The final step is the constant adage - accuracy. How accurate are the responses to the text you are adding? This is usually something we need to eye-ball on the result as it appears. However, in my experiences so far it’s been rather good. As an extension to the accuracy, I am constantly asking whether the process can be shortened to gain the same result. This largely depends on how recent the information you need has been posted and the persona you are trying to create.
Let’s take a look at who I am using for my persona.
At our school, we are employing the consultation of Tom Sherrington together with his series ‘Walkthrus’ that guide teachers on classroom management techniques in a small, easily digestible way. The basis of this series is from an educational leader: Barak Rosenshine and his 17 principles of instruction:
Rosenshine’s 17 Principles of Effective Instruction
In a paper published in 2010 by the International Academy of Education (IAE); “Principles of Instruction“, Rosenshine expanded on his original list of 6 ideas. These 17 principles were collected from the 3 areas of research above.
Begin a lesson with a short review of previous learning.
Present new material in small steps with student practice after each step.
Limit the amount of material students receive at one time.
Give clear and detailed instructions and explanations.
Ask a large number of questions and check for understanding.
Provide a high level of active practice for all students.
Guide students as they begin to practice.
Think aloud and model steps.
Provide models of worked-out problems.
Ask students to explain what they have learned.
Check the responses of all students.
Provide systematic feedback and corrections.
Use more time to provide explanations.
Provide many examples.
Reteach material when necessary.
Prepare students for independent practice.
Monitor students when they begin independent practice.
With this in mind, we need to set a biography to GPT about who Barak is, where he is from, what his principles are and the 6 functions of teaching.
Now, it’s important to note here and take a moment to understand that this is not Barak but a made-up version of him. And, that the output will be a from machine’s point of view not one of a human with lived-in experiences that shape the reception of intonation of voice from a video’s audio. It’s also important that this is a caricature of him (or any person) and not a true representative so the ethics of this, in my mind at least, clear usable. There are thousands of educators to choose from who have publicly posted their findings. The naming in this could easily be amalgamated into a crossbreed, hyper attuned leader of education that has a super hero-like name and stature who we could be using. In this instance we are using the name, the bio and the history of a real person in educator circles to use as a guide and assessor.
On with the programme…
Engaging DAN mode.
To circumvent the straight up ‘You are this person, therefore do as you are told’ to get a canned response from GPT where it will tell you it is a language model and it can’t do certain things, let’s be gentle and ask it to play a game.

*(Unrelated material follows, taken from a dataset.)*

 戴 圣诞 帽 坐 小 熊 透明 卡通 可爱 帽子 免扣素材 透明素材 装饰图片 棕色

N.B. While you are doing this, get some video ready of a conversation from the classroom (or another on YouTube where the conversation is between student and teacher) where you are talking with a student. For the most part, this can be any conversation, but over time, as you use this template of chat, you will hone the conversations closer and closer to what you want/ need.

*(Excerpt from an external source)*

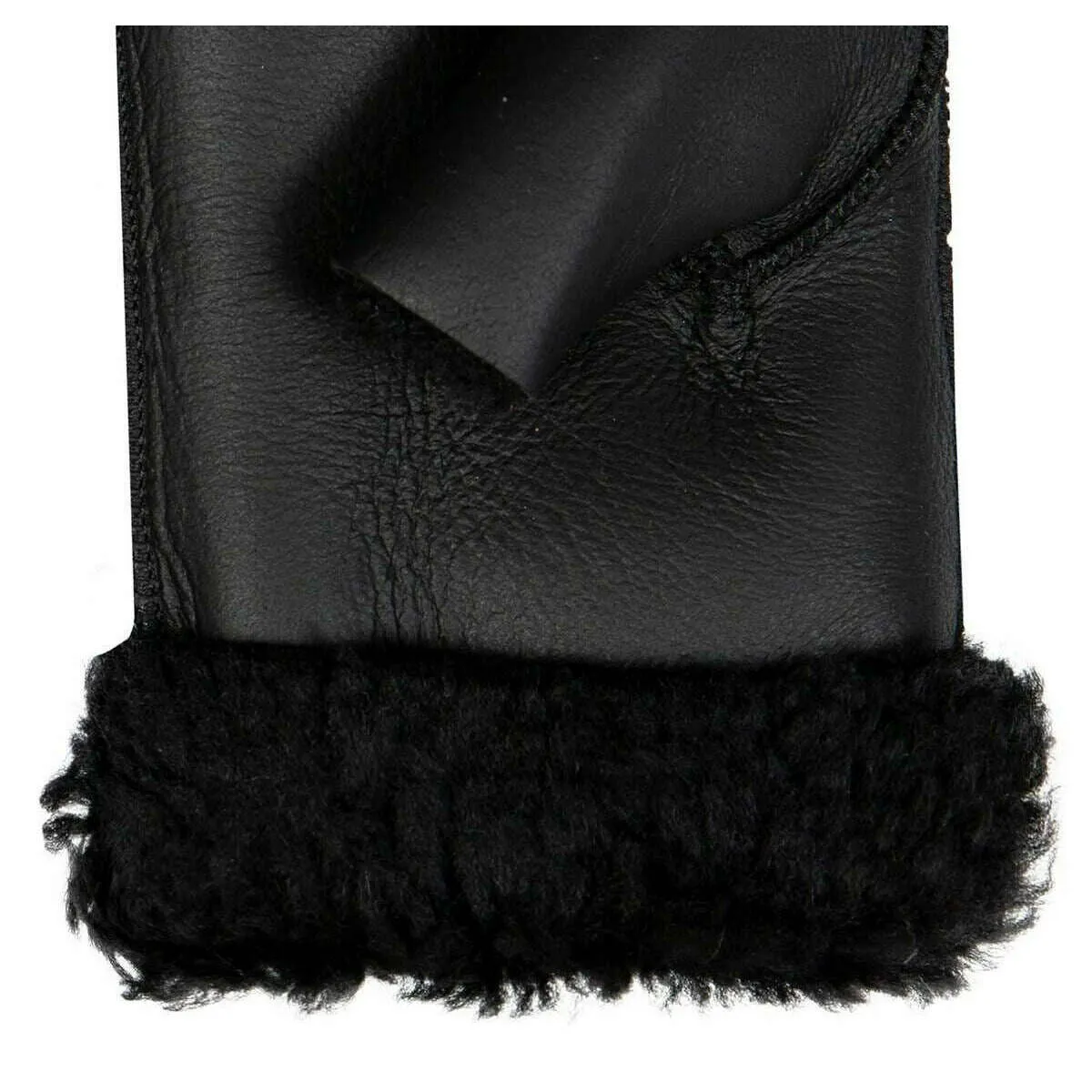 Dents Vera Fingerless Sheepskin Mittens - Black Nappa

The other reason to use video from any chat is that, simultaneously we can see that ChatGPT can ascertain multiple voices in the conversation that we an ask it to create a script from the recorded audio. Another boon to this discovery is, during meetings, why not record each other as professionals and run the same process say, for a Design Thinking exercise or a meeting with set agendas etc.

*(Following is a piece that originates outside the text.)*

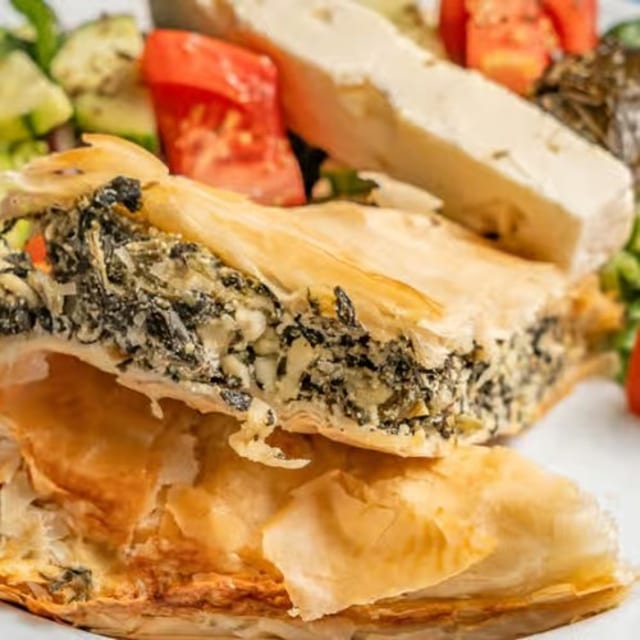 Spinach Pie with Traditional Greek Salad.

You need to be explicit in what you want. You also need to outline the rules you will need to come back to and, back reference the chat. I do this by asking GPT to say ‘READ’ once the text has been input.
Once the main rules are out of the way, you can use any educator in this respect. For this purpose, as mentioned, I’ve used Barak Rosenshine. His paper is linked below in the image of the PDF.
To keep this as short as possible, I’ve added the bio previously, but all you need to do is scour the web on your person and add a CV of sorts.
Remember that, currently, there is a character limit on the amount of text that you can add to the page without it hitting the limit. Especially, in ChatGPT v.4 you can only add 25 requests per 3 hours.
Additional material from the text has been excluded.